Problem statement =>
Beneath this instruction is a block of data; output from it exactly the lines that run from the one containing "Heldere roze tulpen" through the one containing "Иллюстрация к слову: теперь я КалЕкаГОР 😭", inclusive.

Brief descriptive captions =>
--------------------------------------------------

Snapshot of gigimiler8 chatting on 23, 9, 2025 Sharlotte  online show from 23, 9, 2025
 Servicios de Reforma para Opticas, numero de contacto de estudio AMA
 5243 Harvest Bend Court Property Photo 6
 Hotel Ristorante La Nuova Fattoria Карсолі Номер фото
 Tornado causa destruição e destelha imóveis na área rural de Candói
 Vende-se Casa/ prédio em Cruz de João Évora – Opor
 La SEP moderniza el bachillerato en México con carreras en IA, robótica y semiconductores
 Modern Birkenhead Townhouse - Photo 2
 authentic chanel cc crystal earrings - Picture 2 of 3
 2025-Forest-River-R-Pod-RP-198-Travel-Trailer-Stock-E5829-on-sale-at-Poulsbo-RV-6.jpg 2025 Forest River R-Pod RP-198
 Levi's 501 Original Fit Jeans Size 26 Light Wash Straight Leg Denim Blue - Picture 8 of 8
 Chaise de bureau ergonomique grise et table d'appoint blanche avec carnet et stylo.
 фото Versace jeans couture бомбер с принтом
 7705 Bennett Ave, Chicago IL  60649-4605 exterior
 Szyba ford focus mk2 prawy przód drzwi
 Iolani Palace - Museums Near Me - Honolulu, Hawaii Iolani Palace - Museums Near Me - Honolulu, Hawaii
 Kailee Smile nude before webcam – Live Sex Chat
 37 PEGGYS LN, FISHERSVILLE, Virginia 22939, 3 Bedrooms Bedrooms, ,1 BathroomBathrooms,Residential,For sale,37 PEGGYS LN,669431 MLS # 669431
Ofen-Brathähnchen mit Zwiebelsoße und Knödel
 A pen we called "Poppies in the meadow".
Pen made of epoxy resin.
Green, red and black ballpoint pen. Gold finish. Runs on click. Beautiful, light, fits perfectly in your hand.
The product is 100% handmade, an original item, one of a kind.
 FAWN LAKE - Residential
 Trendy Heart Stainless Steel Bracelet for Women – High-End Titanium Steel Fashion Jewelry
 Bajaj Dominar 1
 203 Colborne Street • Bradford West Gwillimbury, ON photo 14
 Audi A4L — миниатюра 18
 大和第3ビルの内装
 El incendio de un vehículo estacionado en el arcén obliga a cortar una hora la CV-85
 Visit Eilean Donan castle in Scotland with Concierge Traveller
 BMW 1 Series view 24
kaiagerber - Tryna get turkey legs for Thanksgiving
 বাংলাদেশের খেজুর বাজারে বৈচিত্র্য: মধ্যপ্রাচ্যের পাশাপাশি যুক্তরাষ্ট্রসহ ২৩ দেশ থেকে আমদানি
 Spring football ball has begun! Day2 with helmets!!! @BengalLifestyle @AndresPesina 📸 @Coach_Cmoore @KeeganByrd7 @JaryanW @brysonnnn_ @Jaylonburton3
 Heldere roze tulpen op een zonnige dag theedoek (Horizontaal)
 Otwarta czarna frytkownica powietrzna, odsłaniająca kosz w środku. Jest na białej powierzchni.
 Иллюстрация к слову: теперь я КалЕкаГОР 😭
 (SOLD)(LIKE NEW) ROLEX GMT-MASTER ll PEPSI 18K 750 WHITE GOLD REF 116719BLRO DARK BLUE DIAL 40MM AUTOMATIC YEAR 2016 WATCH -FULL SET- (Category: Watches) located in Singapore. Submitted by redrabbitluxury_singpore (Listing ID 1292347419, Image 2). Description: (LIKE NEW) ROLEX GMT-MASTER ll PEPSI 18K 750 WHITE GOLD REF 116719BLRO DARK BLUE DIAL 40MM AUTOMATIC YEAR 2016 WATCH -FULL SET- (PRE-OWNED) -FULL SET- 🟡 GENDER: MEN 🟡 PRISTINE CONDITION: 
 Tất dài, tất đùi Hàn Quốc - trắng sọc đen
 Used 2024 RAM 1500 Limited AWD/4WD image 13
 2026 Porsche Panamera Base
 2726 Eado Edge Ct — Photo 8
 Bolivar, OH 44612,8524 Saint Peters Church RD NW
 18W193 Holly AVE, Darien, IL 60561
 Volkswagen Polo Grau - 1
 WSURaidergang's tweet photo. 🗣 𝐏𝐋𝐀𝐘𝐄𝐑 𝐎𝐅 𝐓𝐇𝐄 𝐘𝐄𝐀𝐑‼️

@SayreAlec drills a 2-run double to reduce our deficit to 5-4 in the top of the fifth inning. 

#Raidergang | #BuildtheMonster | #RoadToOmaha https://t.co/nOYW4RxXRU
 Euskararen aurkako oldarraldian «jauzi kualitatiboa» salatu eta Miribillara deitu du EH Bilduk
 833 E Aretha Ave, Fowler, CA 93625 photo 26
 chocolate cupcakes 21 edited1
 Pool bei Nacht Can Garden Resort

--------------------------------------------------

Response =>
 Heldere roze tulpen op een zonnige dag theedoek (Horizontaal)
 Otwarta czarna frytkownica powietrzna, odsłaniająca kosz w środku. Jest na białej powierzchni.
 Иллюстрация к слову: теперь я КалЕкаГОР 😭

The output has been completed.